EXERCISE DATA:
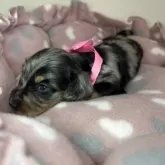 ミニチュアダックスフンド(ロング)【群馬県・女の子・2025年9月25日・シルバーダップル】の写真4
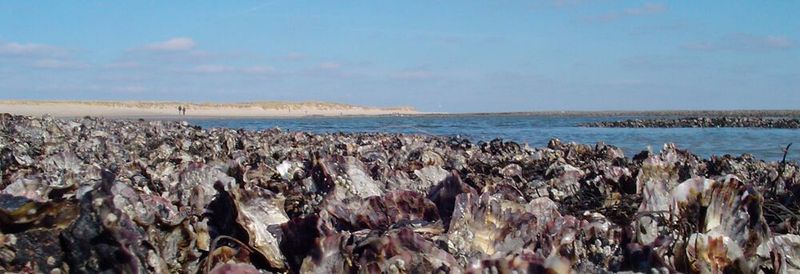 Die Austernbänke vor Sylt wurden bislang von Massensterben durch Vibrionen verschont.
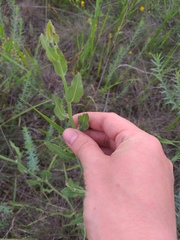 Chondrilla latifolia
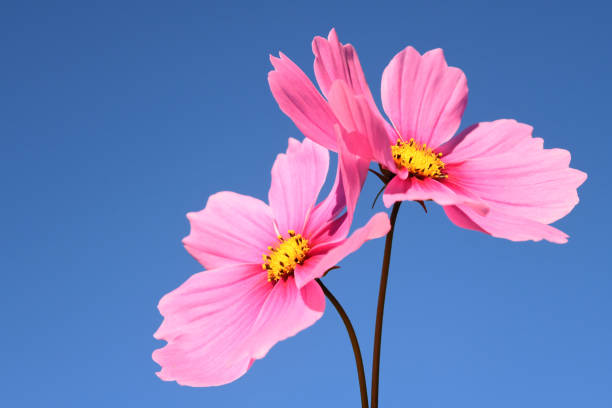 Two Cosmos flowers with blue sky in the background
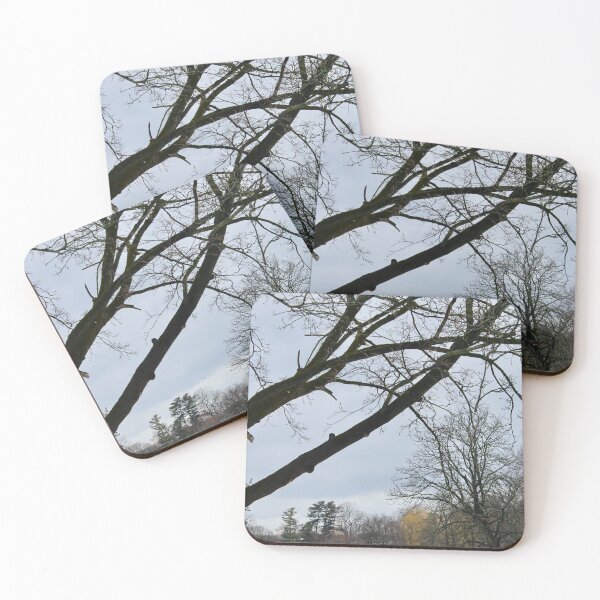 Item preview, Stillness beneath the Branches designed and sold by recoveringartist.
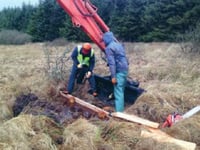 £2m for peat's sake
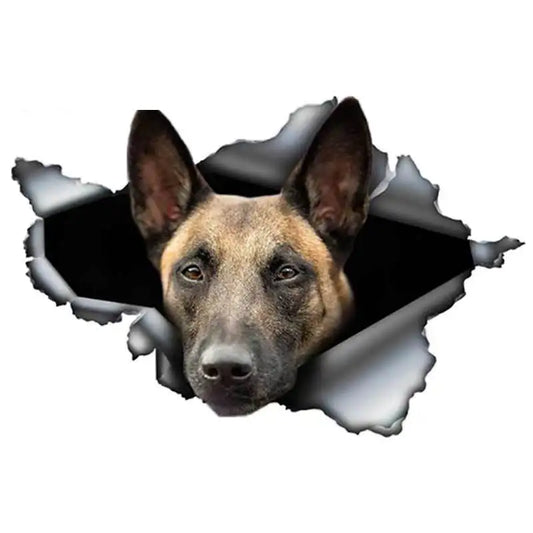 13x8.8cm Belgian Malinois Car Sticker Torn Metal Decal Reflective Stickers Waterproof Belgian Shepherd Pet Dog 3D Decals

ASSIGNED TASK: Look above for the line with "Die Austernbänke vor", then give again exactly every line from there through the line with "for peat's sake", skipping the pictures.

RESULT BELOW:
 Die Austernbänke vor Sylt wurden bislang von Massensterben durch Vibrionen verschont.
 Chondrilla latifolia
 Two Cosmos flowers with blue sky in the background
 Item preview, Stillness beneath the Branches designed and sold by recoveringartist.
 £2m for peat's sake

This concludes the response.